Pet groomers benefit from Europe's growing pet ownership trend — pet ownership increased 18% across the EU between 2020 and 2025. Germany's pet care market is particularly robust. Targeting "pet owner" interest segments on German programmatic CTV platforms delivers efficient reach to an audience with clear recurring service needs.
Fitness studios and gyms should align campaigns with European seasonal rhythms: January (new year), September (post-holiday restart), and the spring pre-season (March–April in northern Europe). Germany's Joyn and the Netherlands' Kijk.nl both offer sports content adjacency targeting that reaches fitness-oriented audiences.
Budget Guidance for European Markets
- Single-city trial: €500–€800/month. Targets one city radius (5–10 km) on one platform. Delivers 25,000–45,000 impressions.
- Regional campaign: €1,500–€3,000/month. Covers a full metropolitan region (e.g., Greater Paris, Munich metro area) with frequency capping.
- Multi-market campaign: €5,000–€12,000/month. Simultaneous campaigns in two or three European markets with localised creative.
For businesses operating in a single country, direct platform buying (RTL+, Joyn, TF1+) is often cheaper than DSP fees. For cross-border campaigns, a DSP (The Trade Desk, Xandr, or StackAdapt) is more efficient.
Common Mistakes in European CTV
Assuming one campaign works across Europe: A German coffee shop audience and a Spanish coffee shop audience have different viewing habits, platform preferences, and messaging sensibilities. Always localise creative per market.
Ignoring language: Running a German-language ad to a French-language audience (or vice versa) in border regions (Alsace, South Tyrol) damages brand perception. Geo-fence tightly to language regions.
Under-budgeting for creative translation: If you expand to a new European market, budget €500–€1,500 for professional translation and voiceover adaptation of your video creative. Machine translation quality is not sufficient for broadcast-adjacent placements.
Conflating GDPR compliance with "no targeting possible": Too many European small business owners hear "GDPR" and assume targeting is impossible. Geographic and contextual targeting is fully GDPR-compliant and highly effective.
Using US-market CPM benchmarks: European CPMs are generally 20–40% lower than US equivalents. Don't assume your US campaign performance data applies to European markets.
Frequently Asked Questions
Do I need a European legal entity to buy CTV advertising in the EU?
No. Many DSPs allow non-EU businesses to buy EU inventory. You do need to ensure your campaign complies with GDPR, but the technical compliance is managed by the platform and DSP on your behalf.
Which European market should I start with as a non-European business?
Germany is the largest and most programmatically advanced market. The Netherlands is the easiest entry point due to English-language business infrastructure and self-serve platform tools.
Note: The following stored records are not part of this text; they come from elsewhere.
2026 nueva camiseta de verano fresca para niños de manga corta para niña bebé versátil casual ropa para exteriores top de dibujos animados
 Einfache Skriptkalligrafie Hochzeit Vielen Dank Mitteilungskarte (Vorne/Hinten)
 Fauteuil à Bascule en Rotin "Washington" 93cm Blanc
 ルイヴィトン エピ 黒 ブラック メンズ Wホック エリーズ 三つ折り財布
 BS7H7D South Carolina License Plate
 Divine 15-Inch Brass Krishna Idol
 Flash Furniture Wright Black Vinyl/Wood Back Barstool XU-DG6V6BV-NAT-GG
Spain offers the best CPM value for testing.
How granular is geographic targeting in European CTV?
It varies by market. Germany and the Netherlands support postcode-level targeting. France supports département-level (roughly 500,000 population units). Italy and Spain typically support region-level targeting. All markets support city-level targeting.
What creative specs do European CTV platforms require?
Standard specifications: 1920x1080 pixels (16:9), MP4 or MOV format, H.264 codec, stereo audio, 15 or 30 seconds duration. Most European platforms require ads be non-skippable and meet minimum audio loudness standards (EBU R128 normalisation, which is -23 LUFS). Your video production team should be familiar with these specs.